Scheduler Policies

Print

 
* Compute Canada documentation: https://docs.computecanada.ca/wiki/Job_scheduling_policies

On any cluster, the scheduler has policies and limits imposed on accounts and users in order to use the available resources efficiently and fairly. This is implemented in a fairshare policy.  The limits also vary according to allocations. These limits are the fairshare targets for each group. Fairshare is based on the number of processors allocated to a PI and are assigned to their group's account in the scheduler's configuration. This is used to determine resources available for all the users under that particular account.

MOAB determines when and to which node  jobs are sent for processing. It monitors the entire job queue,  and assigns a priority to each job. The jobs are prioritized based on requested versus available resources and current usage versus fairshare target. It updates the status of the queue every 2 minutes. Parameters and policy settings can be tuned to efficiently handle a wide range of system workloads

The Limits imposed by the Scheduler

This refers to limits on the number of jobs in the queue which are enforced by the scheduler. The largest factors in determining limits  in numbers of jobs are the Maximum Processor Seconds (MAXPS) and the Maximum Processors (MaxPROC) for each account. The MAXPS is the total number of processor core seconds (ps) allocated for each group account. It is based on fairshare value times 2,592,000 seconds, which corresponds to 30 days (24/7). The MAXPS window on Guillimin is 30 days.

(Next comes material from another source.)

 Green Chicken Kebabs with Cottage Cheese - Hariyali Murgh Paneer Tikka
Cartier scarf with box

Explaining by an example, an account with a fairshare value of five processor cores has a MAXPS of 12,960,000 ps (5 proc * 2,592,000 sec). Such an account will exhaust the MAXPS window if 15 10-day single-core jobs are started. Any job sent to the queue after this will have the message "blocked due to MAXPS limit exceeded". Such jobs will have to wait until the outstanding scheduled processor seconds are less than the MAXPS value.

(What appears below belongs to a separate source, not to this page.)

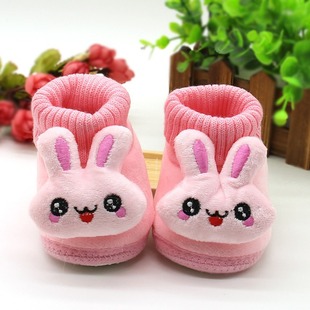 2021 New Baby Shoes Autumn and Winter Three-dimensional Cartoon Cotton Shoes Luokou Toddler Shoes Men's and Women's Children's Shoes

In fact, once jobs are started, the maximum ps in use decreases as the remaining time for the job to finish shortens. Finally, other jobs combinations can be 10 15-days jobs, 75 2-days jobs, etc. The usual scenario is to have a mixture of short and long jobs.

Users can submit as many jobs but they cannot be scheduled to run if their groups MAXPS value is exceeded. They instead enter into a "HOLD" state. If the MAXPS of the group is not reached but the resources are not available, the jobs enter into "IDLE" state and will run once the requested resources become available.

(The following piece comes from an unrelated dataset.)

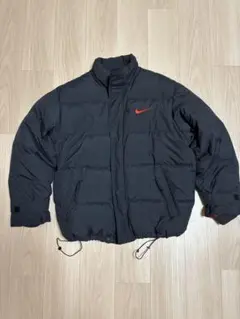 90s Nike ナイキ　ダウンジャケット　スウッシュ刺繍　銀タグ　ブラックのサムネイル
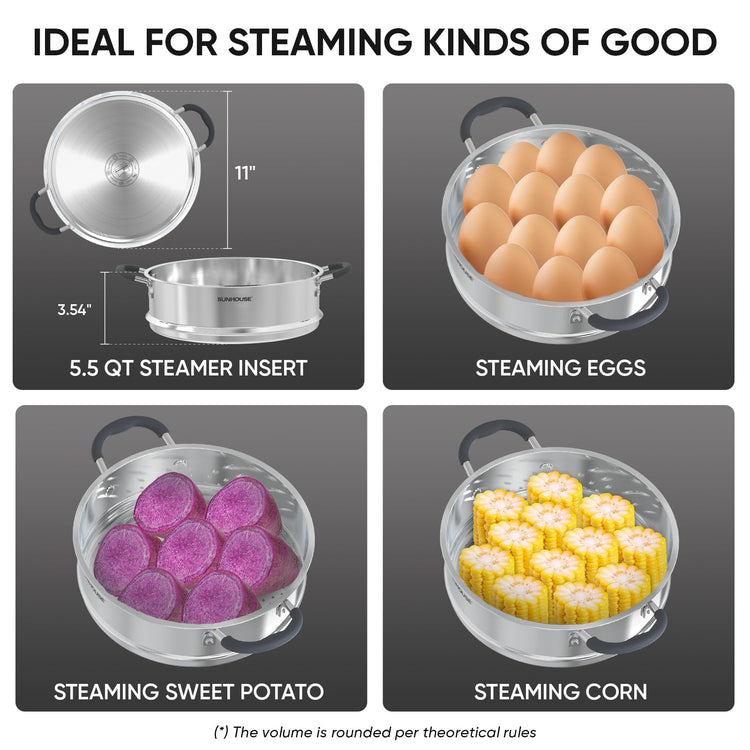2 Tier Stainless Steel Steamer Pots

 Signifcant benefits of MAXPS

  • Very long jobs can run for up to 14 days on the cluster so accounts are allowed to run jobs that allow them to use their fairshare.
  • Allows accounts to have a burst (short duration) usage onto a number of processor cores larger than their fairshare allocation but does not have negative impact on the ability of users to access their own allocations. The shorter the job walltime, the greater the burst ability is available.
  • The MAXPS encourages all users to set reasonably accurate Job Wall Clock times. If a user requests 14 days when they only need a day, their usage will be limited by MAXPS. The scheduler cannot know if a job is to complete early, so it must have scheduled time based on the Job Wall Clock request. Users then must have an idea of how long their jobs can take in order to optimize usage of their allocated window. Setting the job's wallclock time too short might lead to jobs getting killed when they run out of wallclock time.  A good rule of thumb is to calculate your time and add 20% to create a workable walltime.  If one finds that your job is running out of time, one can request that time be added. However, please note, the time added plus the original submitted walltime can not be over 30 days.

Other Limits

  • The maximum number of running jobs by any single user is set to 1024. Individual user limits in an account is set and can be modified anytime upon request through the ticketing system.
  • The maximum number of jobs in the active idle queue is set to 100.

Limits can always be adjusted for work with deadlines that need resources beyond the current maximum assigned.  If this is the case, the PI or user should contact the Guillimin team and request a reservation.